— Ah, que dia lindo! Céu limpo, vento fresco… — murmurou Judith enquanto olhava pela janela da carruagem que deixava Drukali.
Mas ela não estava realmente apreciando o clima. Embora o céu estivesse azul puro, sem nenhuma nuvem, o vento era mais do que apenas fresco. Estava frio, já que estavam no norte do continente.
“Vou morrer de constrangimento se não falar algo”, pensou Judith, desviando o olhar da paisagem para Brett Lloyd, que também olhava pela janela.

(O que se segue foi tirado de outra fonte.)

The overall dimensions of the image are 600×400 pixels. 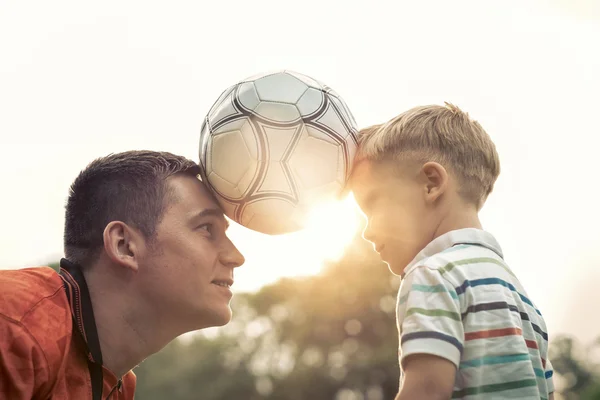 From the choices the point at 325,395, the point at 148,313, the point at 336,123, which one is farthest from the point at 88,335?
the point at 325,395

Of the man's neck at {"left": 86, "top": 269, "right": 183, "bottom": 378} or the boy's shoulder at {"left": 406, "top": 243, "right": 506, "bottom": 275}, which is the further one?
the man's neck at {"left": 86, "top": 269, "right": 183, "bottom": 378}

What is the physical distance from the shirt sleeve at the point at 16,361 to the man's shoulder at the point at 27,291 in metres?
0.07

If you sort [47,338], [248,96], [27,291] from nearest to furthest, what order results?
[47,338] → [27,291] → [248,96]

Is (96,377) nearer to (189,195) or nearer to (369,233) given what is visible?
(189,195)

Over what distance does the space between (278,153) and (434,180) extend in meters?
0.89

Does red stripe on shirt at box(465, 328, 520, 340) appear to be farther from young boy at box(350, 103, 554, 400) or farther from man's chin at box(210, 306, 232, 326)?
man's chin at box(210, 306, 232, 326)

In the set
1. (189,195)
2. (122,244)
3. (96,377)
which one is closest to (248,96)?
(189,195)

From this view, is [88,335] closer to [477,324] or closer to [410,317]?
[410,317]

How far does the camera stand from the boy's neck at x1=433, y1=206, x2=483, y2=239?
3805mm

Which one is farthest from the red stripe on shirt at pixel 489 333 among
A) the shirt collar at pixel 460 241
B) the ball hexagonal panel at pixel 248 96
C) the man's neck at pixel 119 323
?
the man's neck at pixel 119 323

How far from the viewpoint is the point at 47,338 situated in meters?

Sim, Judith e Brett haviam deixado Airen e os outros, com quem estiveram por um ano. Agora, estavam sozinhos.
Embora o cocheiro os acompanhasse até saírem do território dos orcs, graças à oferta de Tarakhan, ele apenas dirigia a carruagem e ajudava com tarefas triviais.
Em outras palavras, Judith e Brett estariam sozinhos por três meses até chegarem à Academia de Esgrima Krono.
“Antes, isso não era problema.” Judith suspirou silenciosamente para que Brett não percebesse.
Tudo por causa dele. Se aquele bastardo ridículo não tivesse dito tais palavras para ela… não estaria agora encarando a paisagem com desconforto. Poderiam estar discutindo sobre esgrima, relembrando eventos da jornada ou simplesmente brincando.
Agora, todas essas opções pareciam inviáveis.
Bem, tecnicamente, ela ainda poderia falar com ele… Mas achava difícil olhar nos olhos de Brett com calma.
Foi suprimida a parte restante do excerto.